I saddled my horse and then put the Cap’n’s in the traces of the hack, and he climbed aboard and looked off toward the road and said, “What’d you do with the bodies, Ji
m?”
“I put them in the shed.”
He nodded.
“The wolves and coyotes smell death, they’ll be round soon enough.”
“I’m not that far gone as a human being yet to let them have at dead men,” I said. I went over to the shed and searched around till I found a can of coal oil, then shook out the contents all over the boards before striking a match and setting the whole place afire, the bodies still inside. The fire caught slowly at first, then built quickly enough, like a maw of flame swallowing everything.
We rode off toward Finger Bone, the hungry flames behind us just as if we were riding out of Sodom and Gomorrah.
“I wonder how many others them two has waylaid over the years?” the Cap’n said as we rode along.
I said I didn’t know but I guessed we weren’t the first, that they just didn’t suddenly start with us, because of the way the old man had set it up.
“I’m surprised he didn’t try and drug us with that whiskey first,” Cap’n said.
“You and me both know, criminals was smart, wouldn’t none of them get jailed or shot,” I said.
“Well, their souls are with Jesus now,” he said.
“I doubt Jesus will have any truck with them,” I said.

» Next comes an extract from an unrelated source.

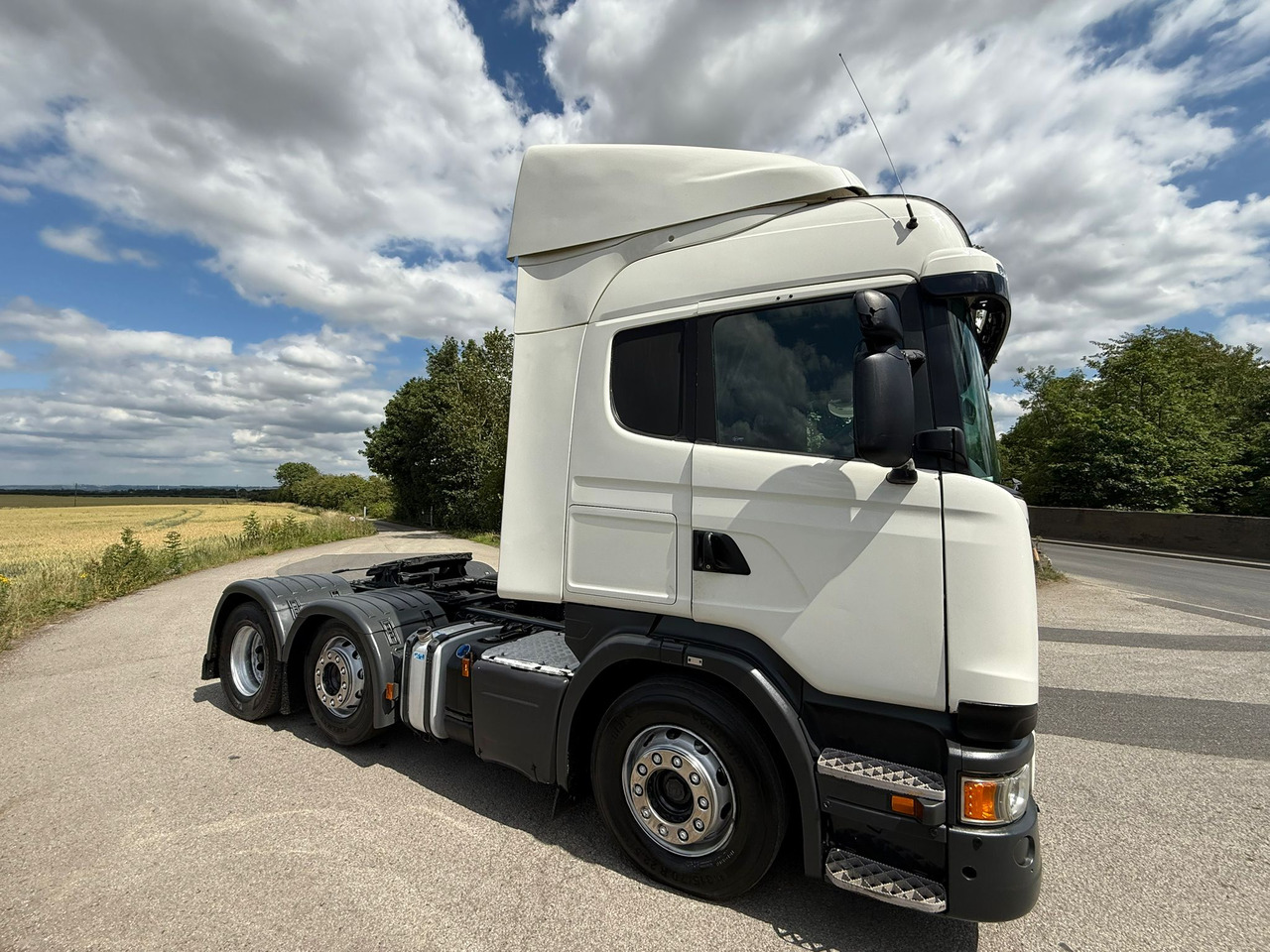 Vetopöytäauto 2015 Scania R450 Tractor Unit: kuva Vetopöytäauto 2015 Scania R450 Tractor Unit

“I doubt it too, Jim. I doubt it too.”
We were leaving death to go and create more of it, and that was an unsettling thought if ever there was one.
It was like death was dogging us just so it could learn how to do it proper. Last night, when I shot that man, I realized then and there, I didn’t flinch at the thought, my heart never quickened, my hand never wavered, and it made me realize that in whatever ways I thought I’d changed, I hadn’t changed all that much.

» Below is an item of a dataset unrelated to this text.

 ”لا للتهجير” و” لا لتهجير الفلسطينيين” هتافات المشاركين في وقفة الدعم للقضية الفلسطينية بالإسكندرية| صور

The road lay long and straight ahead of us, the sun just now rising above the rimrock to our rear, and the world seemed no wiser or bereft because of what we’d left in our wake.
Chapter Ten
Billy & Sam
They wandered from place to place, striking up friendships with the locals because they were in a strange country and Billy had heard some tales from Jardine back when Jardine was still alive and talking about the things that went on in Old Mexico. Said he’d been there a time or two, back in his wild youth, Jardine called it. “It’s easy country if you know how to get along with the natives,” he’d said. “Hard country if you don’t.